Researchers at University of California San Diego have produced a single-cell chromatin atlas for the human genome. Chromatin is a complex of DNA and protein found in eukaryotic cells; regions of chromatin at key gene regulatory elements appear in open configurations within certain cell nuclei. Precisely delineating these accessible chromatin regions in cells of different human tissue types would be a major step toward understanding the role of gene regulatory elements (non-coding DNA) in human health or disease.
Although the human genome was sequenced 20 years ago, there is still much interpreting left to do.
“A major reason is that the majority of the human DNA sequence, more than 98 percent, is non-protein-coding, and we do not yet have a genetic code book to unlock the information embedded in these sequences,” said Bing Ren, director of the Center for Epigenomics, professor of cellular and molecular medicine at UC San Diego School of Medicine.
Working with mice, Ren and collaborators turned their attention to a single-cell atlas of chromatin in the human genome.

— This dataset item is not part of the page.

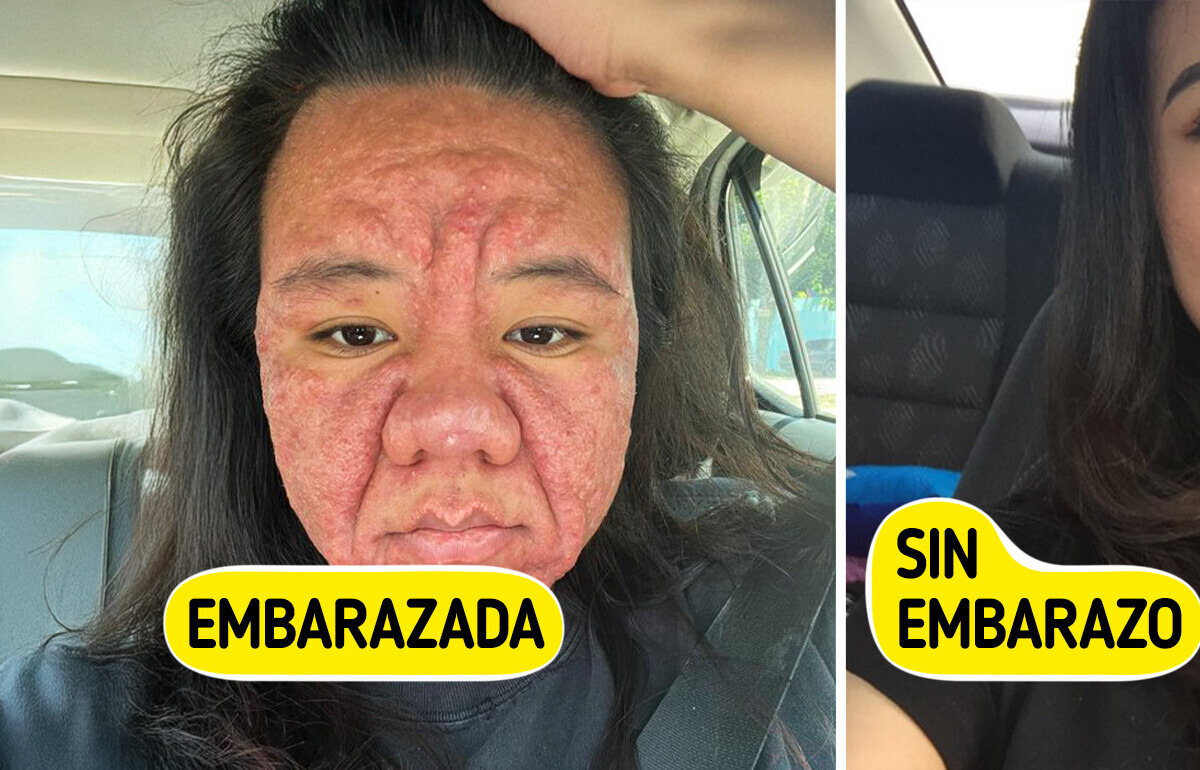Mujer de 28 años revela la cruda realidad de cómo el embarazo transformó su rostro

They applied assays to more than 600,000 human cells sampled from 30 adult human tissue types from multiple donors, then integrated that information with similar data from 15 fetal tissue types to reveal the status of chromatin at approximately 1.2 million candidate cis-regulatory elements in 222 distinct cell types.
Ren said the new findings identify disease-trait-relevant cell types for 240 multi-genic traits and diseases, and annotate the risk of noncoding variants.
“We believe that this resource will greatly facilitate the study of mechanism across a broad spectrum of human diseases for many years to come.”